How To Respond When There Is an Environmental Health Problem In Your Building

Share

As public awareness of the impact of the environment on human health heightens, so do the demands of employees to work in a safe, healthy environment free of hazards. Concerns over the health of a building, commonly referred to as Indoor Environmental or Air Quality (IEQ or IAQ), can affect the comfort, health, productivity, and overall satisfaction of building occupants. Common IEQ concerns include but are not limited to:

  • Mold and moisture issues
  • Thermal discomfort
  • Odors/VOCs
  • Ventilation and filtration
  • Hazardous building materials (e.g., lead, asbestos)
  • Water quality
  • Diseases clusters
  • Poor housekeeping

These concerns can often snowball as occupants search the internet and discuss concerns with each other in search of answers. Left unaddressed, these concerns can escalate into worker compensation, civil claims, and employee outrage, as well as put a negative light on the organization.

These concerns can often snowball as occupants search the internet and discuss concerns with each other in search of answers. Left unaddressed, these concerns can escalate into worker compensation, civil claims, and employee outrage, as well as put a negative light on the organization.

People Are the Cornerstone of All Environmental Health Issues

Indoor environmental concerns are defined by people from start to finish. From the first symptoms and concerns expressed to the final decision from a judge or jury, the journey is driven by how people experience and understand the environment. When occupants bring forth issues to leadership, they are looking for answers to their questions. When their questions are ignored, dismissed, or poorly answered, things can escalate very quickly, even in circumstances where they may be working in a healthy environment.

Consequently, there are two pieces to the puzzle you should never lose sight of during indoor environmental quality investigations:

  • The environmental conditions
  • The people’s perceptions.

As such, solving the issue will require attention to both the science of the environment and communication with affected stakeholders.

Listen to Your Occupants and Seek to Understand Their Concerns

Concerns and anxiety about building health are widespread. From internet stories to the nightly news, the discussion is ongoing and can be scary. The COVID-19 pandemic has only amplified this. Most Americans spend 8-10 hours of their day at work and in buildings, which leads many to be convinced that the health conditions they experience are a result of this environment.
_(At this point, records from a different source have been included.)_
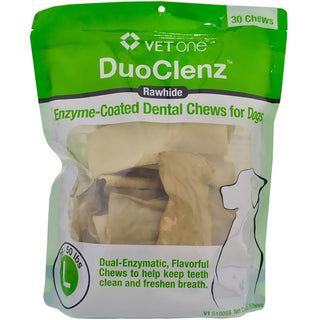 DuoClenz Rawhide, Enzyme-Coated Dental Chews for Dogs, Large 30 Count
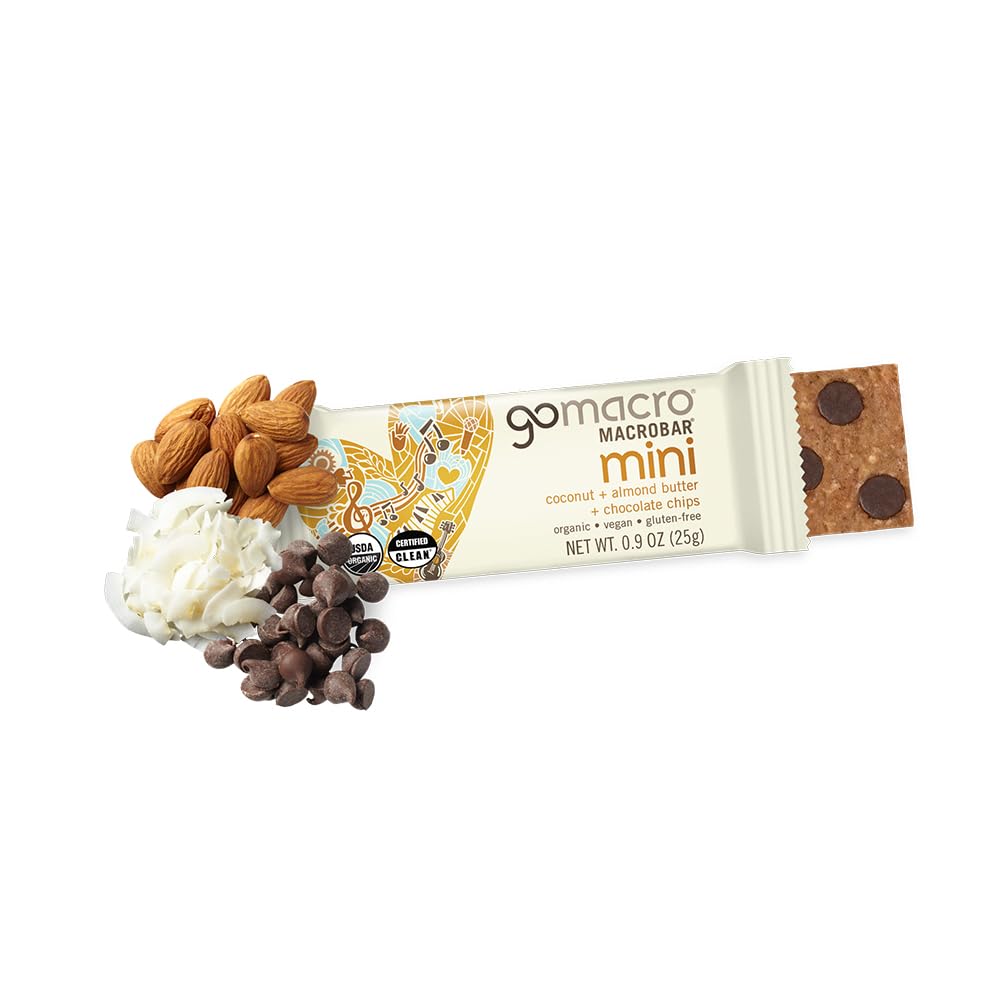 GoMacro MacroBar Mini cross-section reveals coconut, almond butter, chocolate chips for plant-based protein.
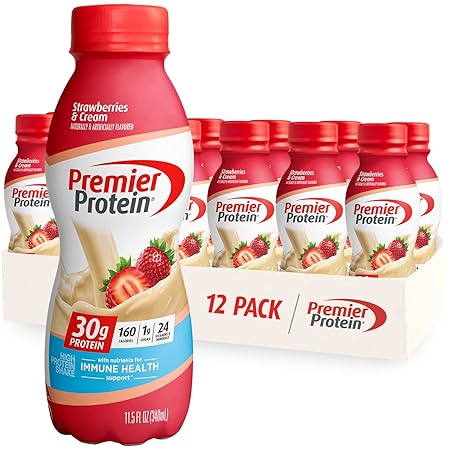 Premier Protein Shake, Strawberries & Cream, 30g Protein 1g Sugar 24 Vitamins Minerals Nutrients to Support Immune Health, 11.5 fl oz (Pack of 12)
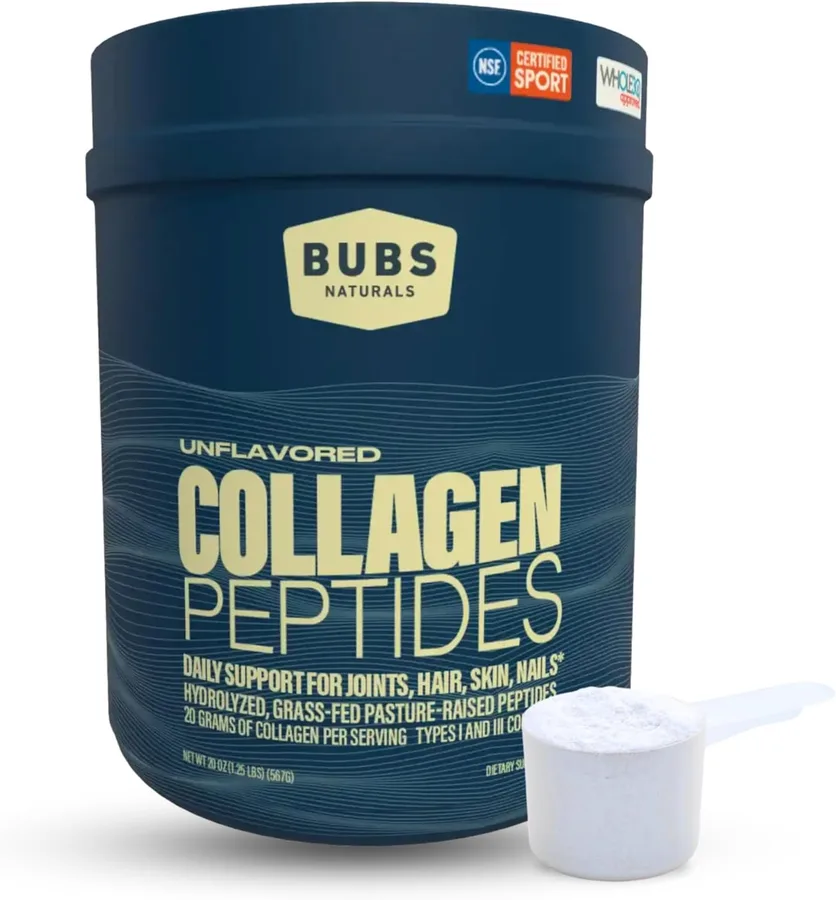 BUBS Naturals Collagen Peptides Powder, Collagen for Women & Men, Hydrolyzed Peptides, Unflavored Pasture Raised Grass Fed, P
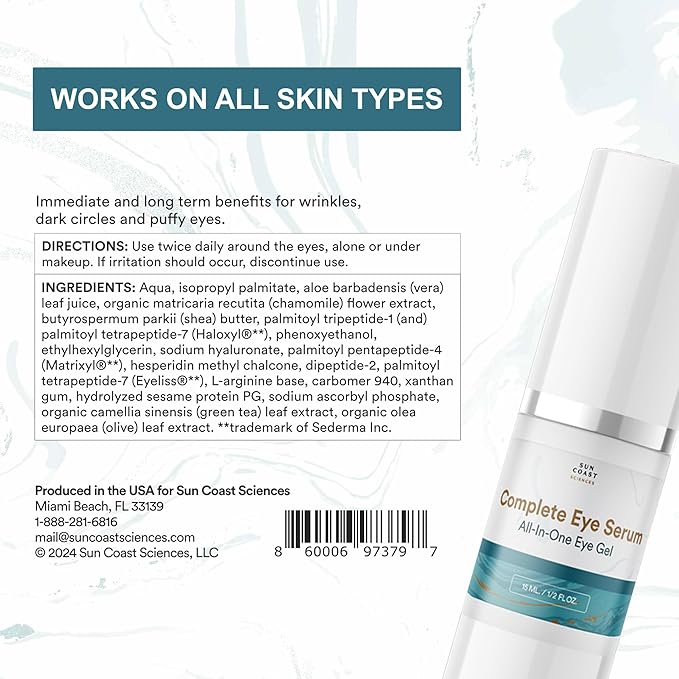 Sun Coast Sciences Complete Eye Serum - All In One Eye Gel with Peptides, Hyaluronic Acid & Vitamin C - Anti Aging Under Eye Serum for Dark Circles & Fine Lines - 0.5 Fl Oz (Pack of 1)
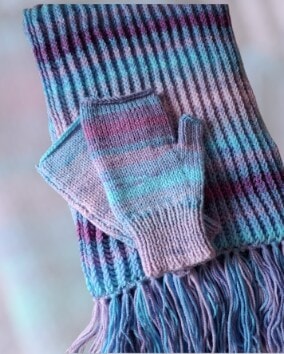 Handmade Knitted Scarf & Fingerless/Texting Gloves Set - Charity Fundraising for Cancer Patients - Image 3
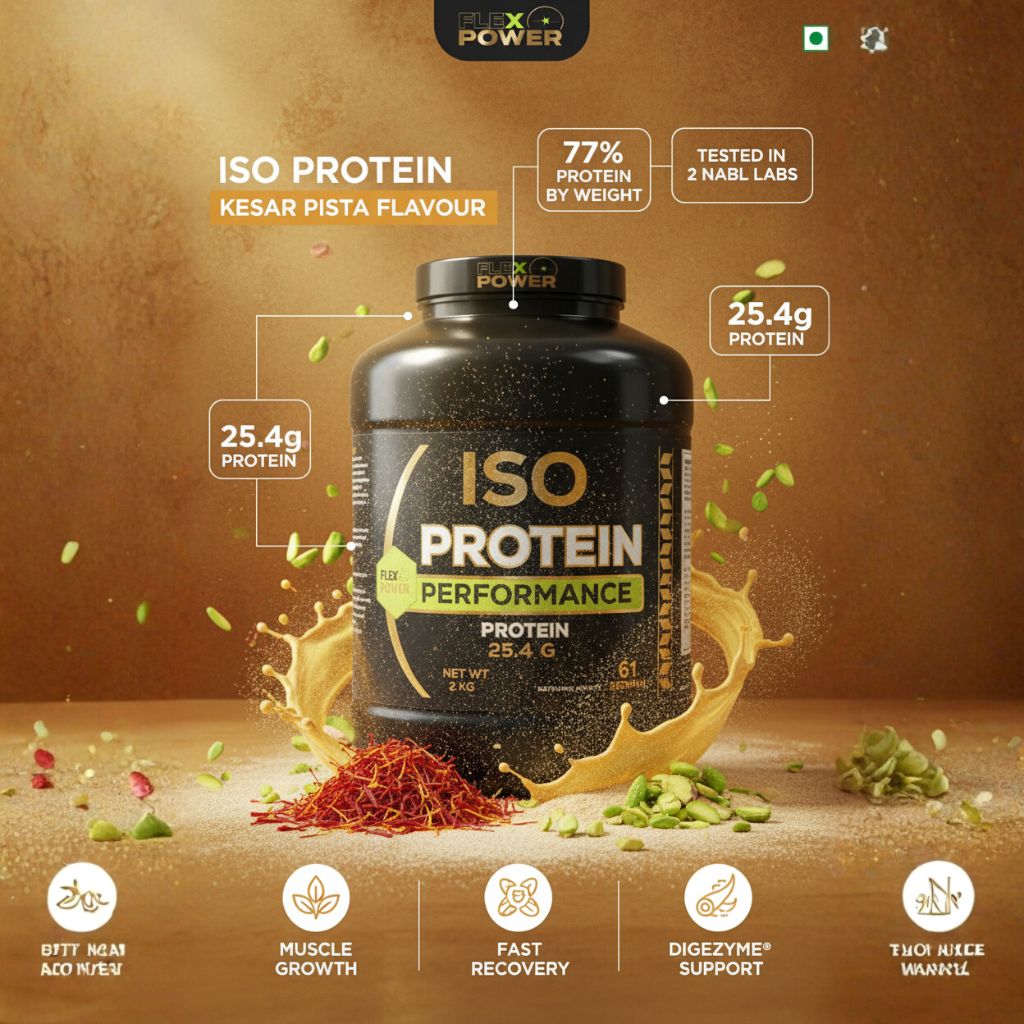 FLEX POWER ISO PROTEIN – KESAR PISTA FLAVOUR (2KG)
Couple that belief with a lack of environmental information and poor communication, and you set up a perfect storm of speculation, worst-case assumptions, fear, and outrage.
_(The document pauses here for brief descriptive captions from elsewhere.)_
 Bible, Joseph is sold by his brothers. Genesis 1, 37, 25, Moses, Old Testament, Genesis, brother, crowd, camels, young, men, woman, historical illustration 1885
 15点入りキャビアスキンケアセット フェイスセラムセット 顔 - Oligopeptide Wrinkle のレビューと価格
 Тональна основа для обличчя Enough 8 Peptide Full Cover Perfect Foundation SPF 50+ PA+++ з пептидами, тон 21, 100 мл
How an occupant will respond to potential solutions will depend upon how much trust they place in your concern for their health and your ability to protect them. Complaints can quickly turn into rumors that embed themselves in the discussions your occupants have with one another. It may not take long for a minor problem to snowball into a major problem for building owners and managers.
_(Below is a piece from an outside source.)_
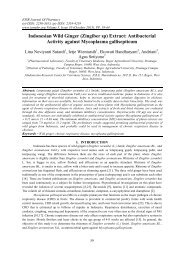 Indonesian Wild Ginger (Zingiber sp) Extract: Antibacterial Activity against Mycoplasma gallisepticum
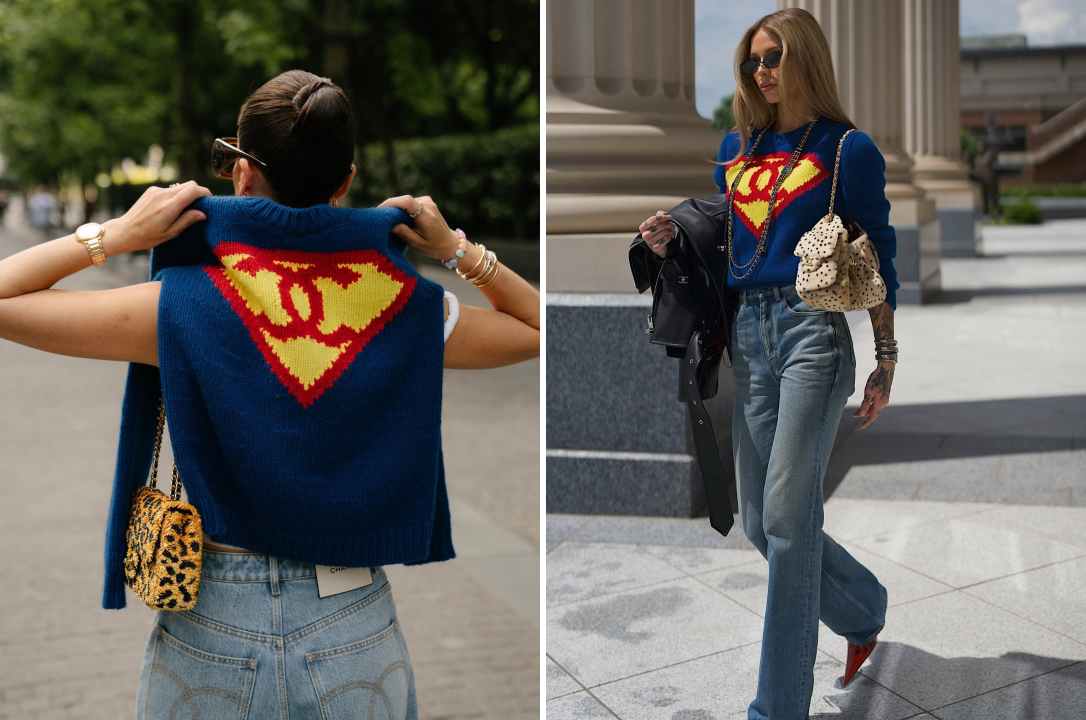 Fashionistas com o trico da Chanel viral da coleção Métiers d'art 2026 da Chanel por Mattiheu Blazy.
Your reaction to their concerns will either elevate their concern or begin to alleviate them. If occupants don’t feel they are being listened to or don’t understand and believe in the corrective actions, the resolution pathway becomes more complicated. Clear and open communication is critical to solving an indoor environmental issue, and the sooner you get on top of the problem, the better the outcome will likely be. Unfortunately, some organizations don’t take action or don’t call environmental health experts until the situation reaches a boiling point.

Do Your Homework to Resolve the Environmental Health Concerns

The first step to resolution is to do your homework. Make sure you have a firm grip on the history of the events and the level of concern your occupants are at. Put yourself in their shoes and view the problem through their eyes.

Next, determine whether the issue is simple or complex. Simple problems often have simple solutions and can be quickly solved. Complex problems will require more attention and time, and more involved occupant communication is paramount to a mutually satisfactory resolution.

The style of communication you choose will vary from situation to situation. Still, by listening, identifying the problem, keeping communication lines open, and taking quick corrective action to resolve concerns, you can often prevent escalation. You’ll come out the other side as the advocate and hero, not the obstructionist and villain.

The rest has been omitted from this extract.